BY REGAN HOERL
SC Contributing Writer
Graduating in the fall is a pretty scary concept for most ESU students because post-graduation only means one thing—finding the perfect job.
Sometimes, graduates rush to find a job in their field, only to be disappointed that it wasn’t what they expected.
In my experiences, every great job I’ve ever had took planning, practice, and participation, especially on my end.
The following are some tips and guidance to help watch your back while you’re job hunting in the “real world.”
Do not settle for the first job that has “work from home,” “make $15 dollars an hour,” or “marking supervisor for human resources department wanted part-time” in the description. Unless these jobs come with a listing of what qualifications and education are needed, then the job is probably phony.
You have just graduated with, in assumption, a Bachelor’s degree from a university. You are worth well more than minimum wage or a little above it. Be prepared for phony jobs hidden in “trusted” websites.
Do not use Craigslist to find your dream job. Craigslist has more than 50 million viewers a month. Within these viewers, there are always scammers.
For example, Jessicah found a transcriptionist job on Craigslist a few months ago. She transcribed sermons for pastors, and was paid via credit cards every two weeks. She would use the credit card to pay herself and the publisher located in England. Jessicah, in turn, finds out that she is using stolen credit cards to pay off scammers in other countries. Jessicah has to file a report with the police.

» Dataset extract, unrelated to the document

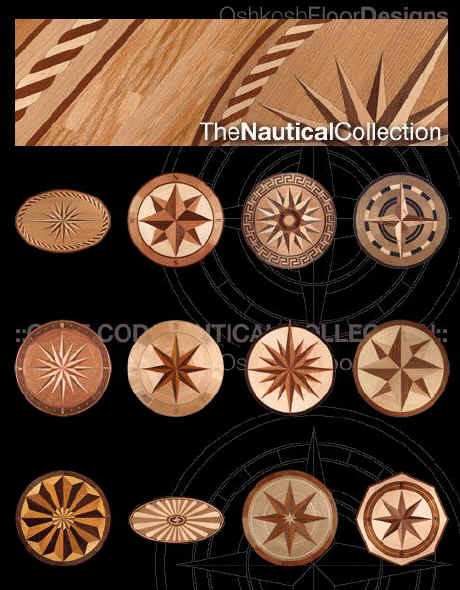 Wood Flooring Medallion Wholesale Distributor Wholesale Hardwood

A few websites that are better for job hunting are indeed.com, careerbuilder.com, and monster.com.
Take time to build a resume. College experience is not just about how you do. It is also about what you do. I am a writing major at the ESU. Therefore, instead of letting my resume say I had all A’s in my writing classes, I joined Calliope and became the submissions editor. I also work for the Writing Studio in the Kemp Library. Unless you are simply a genius and are recognized as such, you’re going to need experience in your field doing something of relevance.
Plan for an internship. Internships, paid or unpaid, show that your communicative skills are not the only reason you chose a degree in speech communication. Having a part time job that will pay for your loans or bills, but participating in an internship will better your chances of finding a job. Companies like to see that you’re more than interested in the field you’ve obtained a degree in.
Keep a communicative outlet for professional connections you may have. This one is more of a suggestive sell. Make yourself a LinkedIn page. LinkedIn offers both the attention getting idea of a social networking page, and a professional communicative outlet for your past and present good-standing relationships. Instead of tweeting about how you can’t find a job in your field, this website lets you have a profile picture and initiates job connections for you. It is a free website that you can host with your portfolio or graduation project. This website, along with your resume, internship, and smiling face, will land you the perfect job in no time.